The Franklin Township Board of Education allegedly failed to do enough to end the bullying of an African-American student, who was targeted with racial epithets and told to “go back to the ‘hood,” a state official said Wednesday.

The girl was an 8-year-old third grader at Main Road School in Newfield when the alleged harassment started in 2005. It continued through her sixth-grade year at the school in 2009, despite her parents’ complaints to school officials, according to a finding of probable cause by the state Division on Civil Rights.

The race-based taunts, allegedly made by white students, took place on the school bus and school grounds.

In June 2006, the girl’s parents asked for a transfer to another district for the new school year, but they were denied, the document said. The child had been so distraught that she told her parents she didn’t want to go the school, and her grades later started to worsen, officials said.

“The student conduct described in this case is deplorable, and the lack of a genuinely effective response by the school district illustrates a concern we are committed to addressing statewide through both awareness and enforcement,” the division’s director Chinh Q. Le said in a statement.

The district did not return several calls for comment on Wednesday.

The district has denied discriminating against the student or that she was a victim of racial harassment or a hostile environment.

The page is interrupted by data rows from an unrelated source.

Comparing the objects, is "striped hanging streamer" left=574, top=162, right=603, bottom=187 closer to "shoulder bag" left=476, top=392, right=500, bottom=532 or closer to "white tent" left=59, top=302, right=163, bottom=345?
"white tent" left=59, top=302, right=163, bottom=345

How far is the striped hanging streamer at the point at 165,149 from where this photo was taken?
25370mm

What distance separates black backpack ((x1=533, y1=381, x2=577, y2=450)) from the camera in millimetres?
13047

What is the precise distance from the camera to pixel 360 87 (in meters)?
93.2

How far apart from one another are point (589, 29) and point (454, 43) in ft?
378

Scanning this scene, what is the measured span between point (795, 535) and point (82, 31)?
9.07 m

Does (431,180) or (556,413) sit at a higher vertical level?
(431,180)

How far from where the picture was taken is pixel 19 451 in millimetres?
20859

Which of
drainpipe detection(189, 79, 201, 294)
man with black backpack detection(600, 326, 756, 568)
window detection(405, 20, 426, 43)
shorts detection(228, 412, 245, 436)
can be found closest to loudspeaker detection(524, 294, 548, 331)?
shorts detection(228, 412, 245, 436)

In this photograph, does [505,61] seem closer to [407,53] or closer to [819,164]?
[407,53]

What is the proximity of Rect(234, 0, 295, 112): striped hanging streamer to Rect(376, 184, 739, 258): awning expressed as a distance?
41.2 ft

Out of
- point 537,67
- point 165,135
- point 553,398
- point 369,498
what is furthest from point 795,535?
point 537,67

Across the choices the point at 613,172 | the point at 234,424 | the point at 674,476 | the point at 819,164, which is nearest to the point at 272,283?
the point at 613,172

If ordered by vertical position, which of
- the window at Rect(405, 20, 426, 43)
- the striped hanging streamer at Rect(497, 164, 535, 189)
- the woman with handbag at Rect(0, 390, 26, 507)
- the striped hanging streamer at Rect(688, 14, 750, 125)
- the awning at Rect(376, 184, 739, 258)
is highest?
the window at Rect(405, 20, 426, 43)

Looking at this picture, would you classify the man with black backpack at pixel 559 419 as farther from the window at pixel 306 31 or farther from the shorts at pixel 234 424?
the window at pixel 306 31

Officials have also asserted that any harassment and bullying reported by the student was immediately investigated and dealt with appropriately.

The recent finding does not resolve a civil rights complaint filed by the family in January 2008. Rather, it means that the division, which is part of the state Attorney General’s Office, found sufficient evidence to suspect that the state’s Law Against Discrimination was violated.

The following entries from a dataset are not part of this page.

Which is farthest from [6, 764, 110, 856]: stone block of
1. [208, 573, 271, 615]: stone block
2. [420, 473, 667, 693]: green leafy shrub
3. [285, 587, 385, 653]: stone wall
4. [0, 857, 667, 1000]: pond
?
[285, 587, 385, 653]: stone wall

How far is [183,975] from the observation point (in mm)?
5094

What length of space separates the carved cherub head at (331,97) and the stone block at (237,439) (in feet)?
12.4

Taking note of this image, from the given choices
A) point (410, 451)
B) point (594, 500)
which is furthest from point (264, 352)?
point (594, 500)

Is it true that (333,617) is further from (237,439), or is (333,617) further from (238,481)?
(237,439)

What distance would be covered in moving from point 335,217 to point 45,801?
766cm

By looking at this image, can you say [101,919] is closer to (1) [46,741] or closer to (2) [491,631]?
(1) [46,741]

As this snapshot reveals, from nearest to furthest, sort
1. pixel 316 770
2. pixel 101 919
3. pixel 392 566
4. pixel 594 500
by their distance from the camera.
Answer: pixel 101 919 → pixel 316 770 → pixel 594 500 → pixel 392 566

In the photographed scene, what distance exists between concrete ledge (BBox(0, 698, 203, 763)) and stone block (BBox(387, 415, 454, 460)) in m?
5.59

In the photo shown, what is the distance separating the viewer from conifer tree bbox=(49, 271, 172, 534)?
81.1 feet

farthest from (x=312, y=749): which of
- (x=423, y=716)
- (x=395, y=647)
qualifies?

Penalties for violating the law include up to a $10,000 penalty and remedies, such as compensatory damages, work policy changes and training.

In the Newfield case, the girl’s parents, who live in Franklinville, kept her home for about 15 days at one point in May 2006.

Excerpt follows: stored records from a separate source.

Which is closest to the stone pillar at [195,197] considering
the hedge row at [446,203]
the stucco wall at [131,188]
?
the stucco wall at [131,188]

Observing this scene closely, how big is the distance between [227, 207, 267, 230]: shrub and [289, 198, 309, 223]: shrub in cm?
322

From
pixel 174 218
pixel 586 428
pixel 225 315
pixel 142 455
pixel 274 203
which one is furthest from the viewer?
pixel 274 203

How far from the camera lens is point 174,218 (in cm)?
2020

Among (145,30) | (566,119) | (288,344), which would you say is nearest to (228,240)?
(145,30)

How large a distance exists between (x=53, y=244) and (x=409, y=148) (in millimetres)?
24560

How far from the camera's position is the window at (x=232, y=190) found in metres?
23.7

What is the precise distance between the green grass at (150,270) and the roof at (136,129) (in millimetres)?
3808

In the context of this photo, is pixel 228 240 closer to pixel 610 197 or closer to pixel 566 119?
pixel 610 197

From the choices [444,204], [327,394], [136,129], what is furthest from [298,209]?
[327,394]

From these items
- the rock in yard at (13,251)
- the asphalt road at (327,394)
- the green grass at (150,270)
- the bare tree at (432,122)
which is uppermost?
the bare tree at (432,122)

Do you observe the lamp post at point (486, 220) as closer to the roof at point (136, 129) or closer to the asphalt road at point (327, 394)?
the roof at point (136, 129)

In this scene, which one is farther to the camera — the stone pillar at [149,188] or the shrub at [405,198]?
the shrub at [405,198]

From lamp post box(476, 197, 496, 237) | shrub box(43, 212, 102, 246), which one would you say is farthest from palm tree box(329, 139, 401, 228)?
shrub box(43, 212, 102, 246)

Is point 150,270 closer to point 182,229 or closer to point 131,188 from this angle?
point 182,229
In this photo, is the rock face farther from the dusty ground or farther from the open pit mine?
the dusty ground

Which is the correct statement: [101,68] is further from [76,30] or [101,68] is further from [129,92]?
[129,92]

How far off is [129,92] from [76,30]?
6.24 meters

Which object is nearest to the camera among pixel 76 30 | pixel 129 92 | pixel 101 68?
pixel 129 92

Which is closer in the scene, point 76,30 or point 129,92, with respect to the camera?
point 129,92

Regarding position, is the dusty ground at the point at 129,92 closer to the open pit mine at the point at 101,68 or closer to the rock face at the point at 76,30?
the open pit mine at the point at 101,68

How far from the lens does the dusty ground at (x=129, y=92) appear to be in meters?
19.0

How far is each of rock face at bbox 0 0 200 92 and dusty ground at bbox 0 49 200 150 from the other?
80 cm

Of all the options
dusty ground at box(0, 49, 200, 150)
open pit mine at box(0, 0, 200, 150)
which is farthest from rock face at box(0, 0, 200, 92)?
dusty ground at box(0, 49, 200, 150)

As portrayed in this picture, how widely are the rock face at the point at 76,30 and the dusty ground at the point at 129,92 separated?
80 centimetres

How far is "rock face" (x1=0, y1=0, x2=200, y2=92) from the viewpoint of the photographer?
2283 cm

Later, in January 2007, two fourth-grade girls targeted the girl with a racial epithet and called her “ugly,” officials alleged. The two students were suspended and made to watch videos on racial discrimination and equal rights, including ones related to Rosa Park, documents showed.

That spring, on the last day of school, the same two female students again targeted the girl, who is now 13, with the same racial epithet; her father told state officials he did not report the incident because he had grown reluctant to do so, according to state documents.

In March 2008, in a conversation with the girl’s parents about their dissatisfaction about how a November 2007 incident was handled, Main Road’s principal told the couple the Gloucester County school “can not stop children from calling out racial names… at the school,” the document shows.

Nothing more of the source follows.